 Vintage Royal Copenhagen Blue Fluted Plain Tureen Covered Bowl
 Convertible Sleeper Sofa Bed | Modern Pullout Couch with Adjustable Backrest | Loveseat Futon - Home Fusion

================

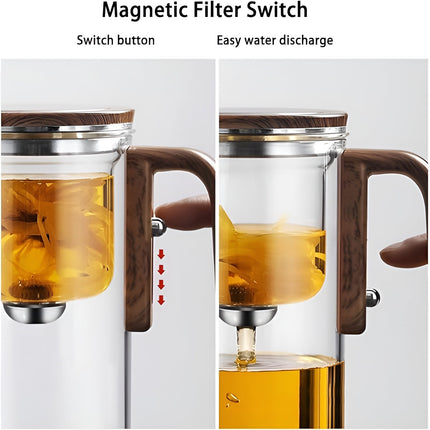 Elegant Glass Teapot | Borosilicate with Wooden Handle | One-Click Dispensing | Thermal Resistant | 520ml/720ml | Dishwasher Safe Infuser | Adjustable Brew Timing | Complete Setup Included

================

Prompt: Would you print exactly and only the lines of the material above that run from the line with "Vintage Royal Copenhagen" through the line with "Convertible Sleeper Sofa", both included?

Solution to this exercise:
 Vintage Royal Copenhagen Blue Fluted Plain Tureen Covered Bowl
 Convertible Sleeper Sofa Bed | Modern Pullout Couch with Adjustable Backrest | Loveseat Futon - Home Fusion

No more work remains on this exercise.